__Records to use__:
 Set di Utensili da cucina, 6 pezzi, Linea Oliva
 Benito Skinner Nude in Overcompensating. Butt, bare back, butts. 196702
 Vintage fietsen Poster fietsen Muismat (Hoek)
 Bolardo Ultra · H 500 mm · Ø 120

...

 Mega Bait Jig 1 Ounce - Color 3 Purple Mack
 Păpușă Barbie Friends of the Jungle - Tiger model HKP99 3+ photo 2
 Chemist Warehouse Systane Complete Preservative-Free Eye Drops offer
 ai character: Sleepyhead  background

__What is required__: Your task is to restate, word for word, only those lines above that fall between the line holding "Set di Utensili" and the line holding "Bolardo Ultra · H 500 mm · Ø 120", inclusive.

__Result of this task__:
 Set di Utensili da cucina, 6 pezzi, Linea Oliva
 Benito Skinner Nude in Overcompensating. Butt, bare back, butts. 196702
 Vintage fietsen Poster fietsen Muismat (Hoek)
 Bolardo Ultra · H 500 mm · Ø 120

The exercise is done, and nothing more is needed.